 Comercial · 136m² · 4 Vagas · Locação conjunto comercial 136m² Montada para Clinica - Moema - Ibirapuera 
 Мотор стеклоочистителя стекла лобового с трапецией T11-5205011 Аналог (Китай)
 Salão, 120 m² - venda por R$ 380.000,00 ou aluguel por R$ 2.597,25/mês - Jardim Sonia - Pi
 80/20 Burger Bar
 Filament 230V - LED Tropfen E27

____

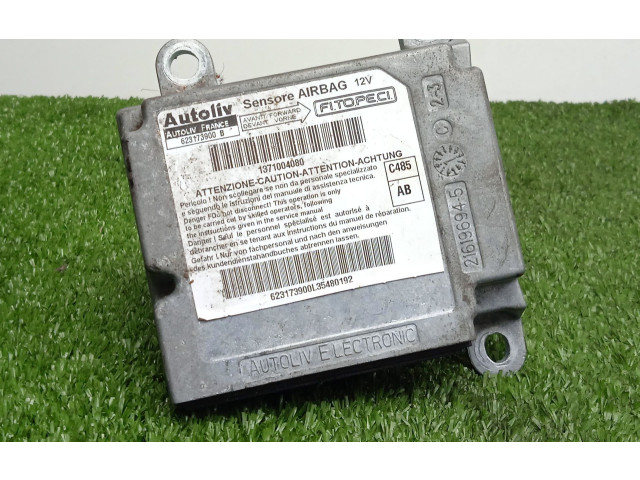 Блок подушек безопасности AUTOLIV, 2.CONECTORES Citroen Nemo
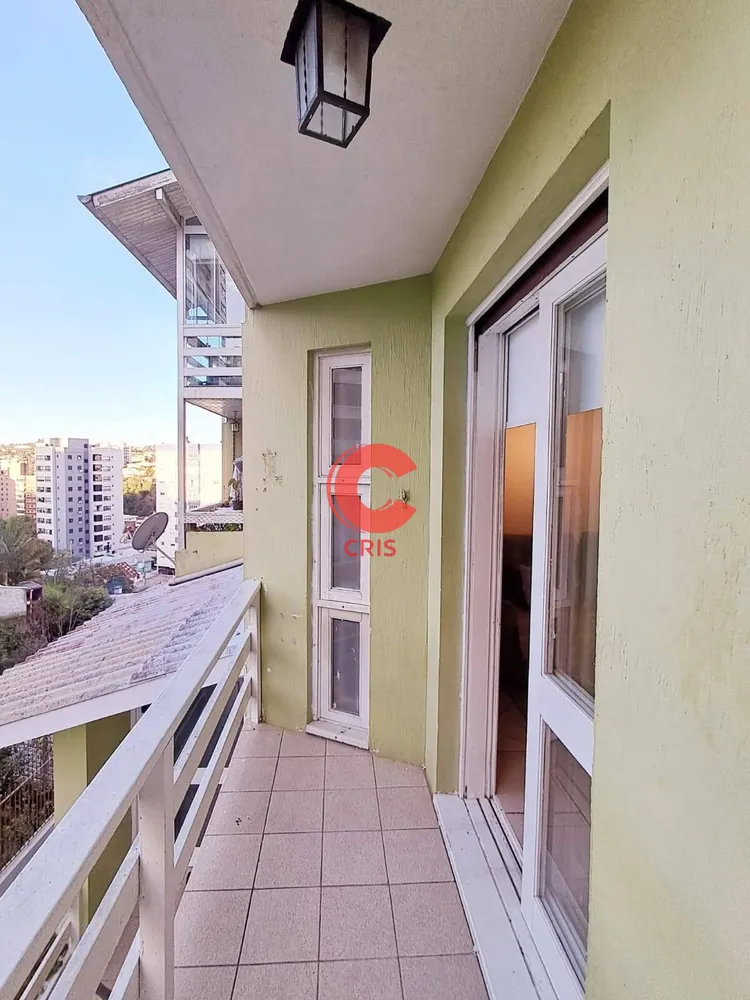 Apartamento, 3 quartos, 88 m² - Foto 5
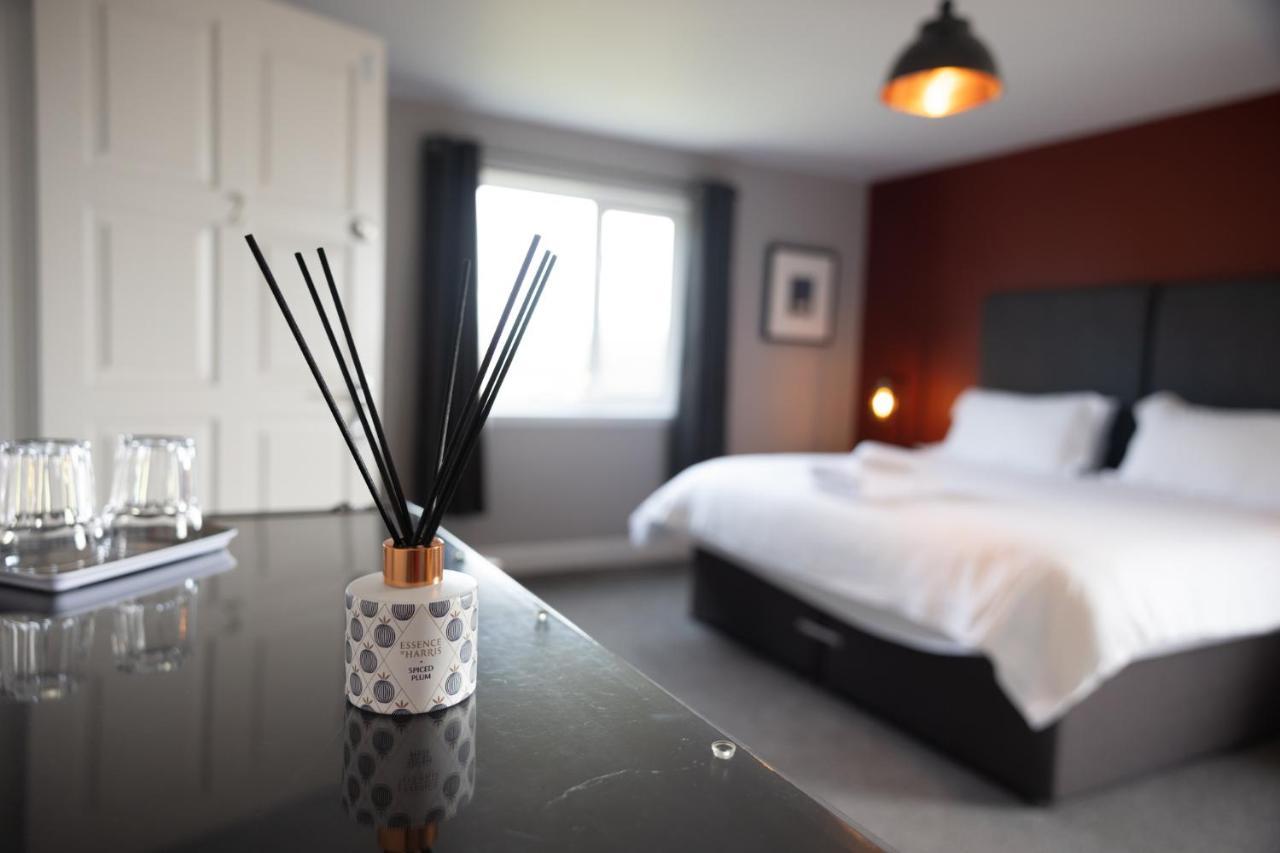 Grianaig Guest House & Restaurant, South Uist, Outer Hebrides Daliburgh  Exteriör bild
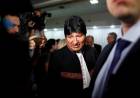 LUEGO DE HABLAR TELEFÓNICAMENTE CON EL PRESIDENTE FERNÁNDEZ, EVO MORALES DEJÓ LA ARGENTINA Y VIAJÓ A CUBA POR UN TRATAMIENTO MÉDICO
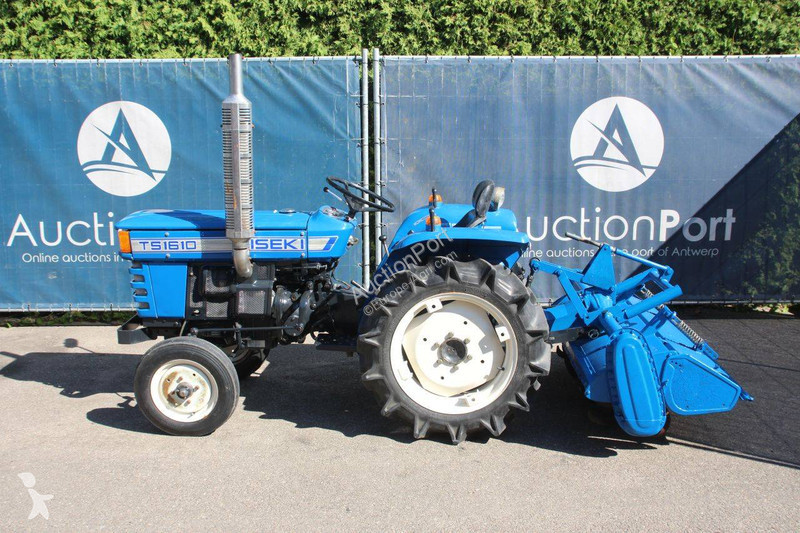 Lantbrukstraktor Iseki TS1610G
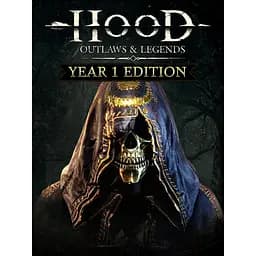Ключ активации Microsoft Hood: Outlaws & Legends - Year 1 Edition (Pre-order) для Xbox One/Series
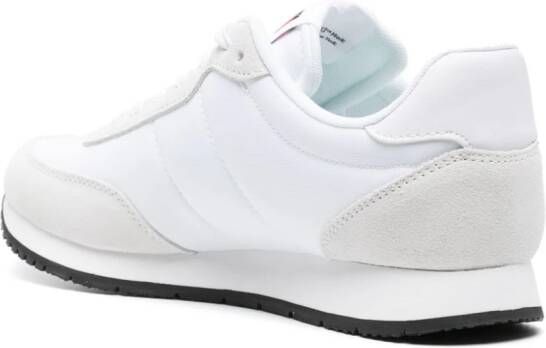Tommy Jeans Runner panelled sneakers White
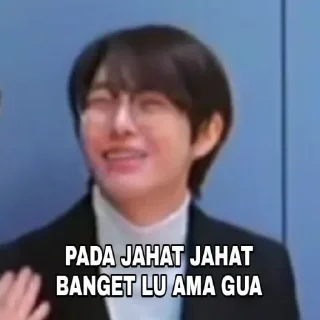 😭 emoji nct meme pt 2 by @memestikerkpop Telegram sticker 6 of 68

____

=== WHAT YOU SHOULD DO ===
For this exercise, return exactly the lines above from the line with "Tommy Jeans Runner panelled sneakers White" through the line with "sticker 6 of 68", both included. Do not copy the pictures.

=== COMPLETED EXERCISE ===
Tommy Jeans Runner panelled sneakers White
 😭 emoji nct meme pt 2 by @memestikerkpop Telegram sticker 6 of 68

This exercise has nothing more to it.